El hedor era insoportable. Sólo los seres humanos muertos apestan de esta manera. Es un hedor a fosas abandonadas y carros que transportan los cadáveres de las poblaciones asoladas por la peste. Temí ponerme a vomitar, pero seguí cavando hasta que descubrimos la cabeza del último hombre. Calvo, el cráneo estaba cubierto por una envoltura de piel que se había encogido.

Los sacerdotes situados a mis espaldas pronunciaron unas oraciones.

—¡Ciérrala, Andrei! —me ordenaron.

—¿Cuándo reunirás el valor necesario, hermano? ¿Sólo Dios puede decirte...?

«¿El valor para qué?» Reconozco esta estentórea voz, a este nombre de espaldas anchas que ha irrumpido en la catacumba. Su cabellera y su barba de color castaño son inconfundibles, así como su jubón de cuero y las armas que penden de su cinturón de cuero.

—¿Es esto lo que habéis hecho con mi hijo, el pintor de iconos?

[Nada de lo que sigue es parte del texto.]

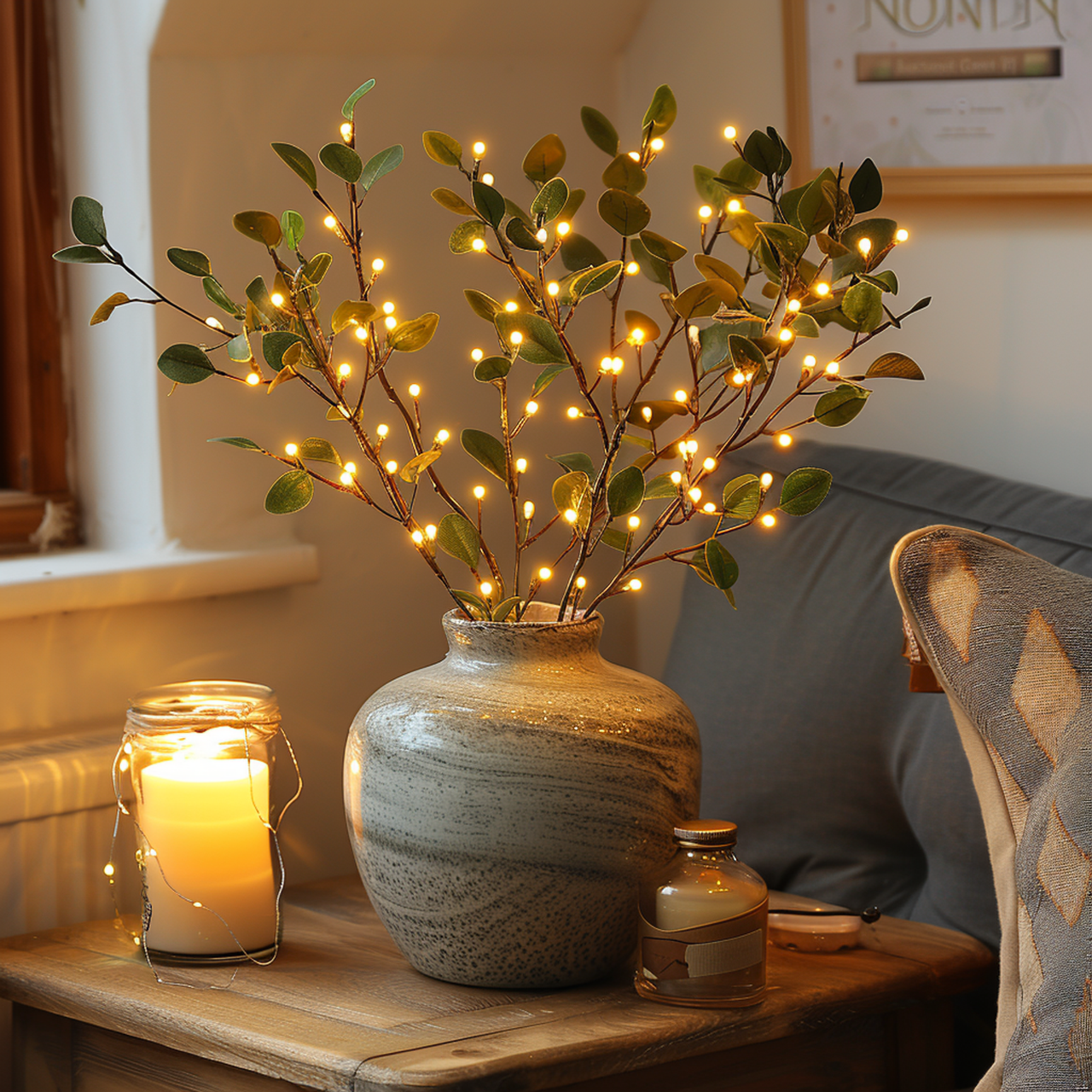 Guirlande Lumineuse Branche D'Olivier-Lampe Veilleuse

El hombre me aferró del hombro, como había hecho mil veces, con esa manaza con la que me golpeaba hasta dejarme sin sentido.

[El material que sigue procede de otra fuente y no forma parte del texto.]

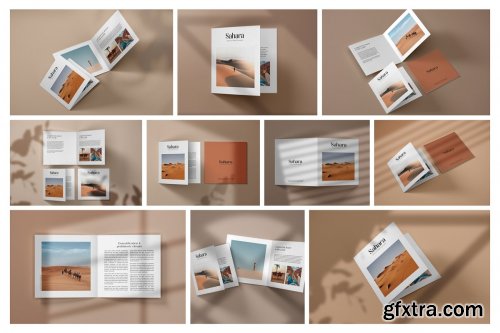 CreativeMarket - Square Bifold Brochure Mockup Set 4817409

—¡Suéltame, cretino ignorante! —murmuré—. Estamos en la casa de Dios.

El hombre me arrastró con tal violencia que caí al suelo. Mi túnica negra estaba desgarrada.

—¡Basta, padre! ¡Aléjate de aquí! —exclamé.

—¿Vais a enterrar en una de estas fosas a un muchacho que pinta como los ángeles?

—Deja de gritar, hermano Iván. Dios decidirá lo que debemos hacer.

Los sacerdotes echaron a correr detrás de mí. Mi padre me arrastró hasta el taller. Del techo colgaban varias hileras de iconos, y otros cubrían toda la pared del fondo. Mi padre me arrojó en una silla situada ante la recia mesa de trabajo. Tomó el candelabro de hierro y encendió con su llama oscilante y rebelde el resto de las velas.